■ ACTION ITEM
Using the records below, repeat exactly the lines from the one holding "BellaCatLovesMeat online show" through the one holding "BMW Serie 3 318d Auto.Touring - Foto 13", both ends included, and no others.

START DATA PROVIDED

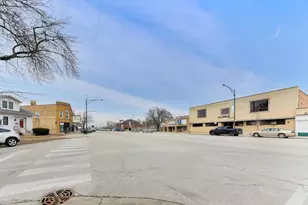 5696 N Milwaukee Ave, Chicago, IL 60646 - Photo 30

END DATA PROVIDED
START DATA PROVIDED

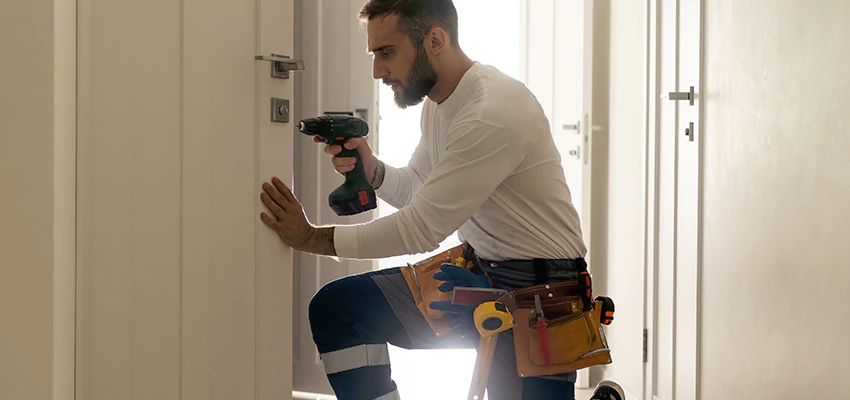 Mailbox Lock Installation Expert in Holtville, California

END DATA PROVIDED
START DATA PROVIDED

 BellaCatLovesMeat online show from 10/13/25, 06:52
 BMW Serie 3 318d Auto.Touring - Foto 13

END DATA PROVIDED

■ WRITTEN ANSWER
 BellaCatLovesMeat online show from 10/13/25, 06:52
 BMW Serie 3 318d Auto.Touring - Foto 13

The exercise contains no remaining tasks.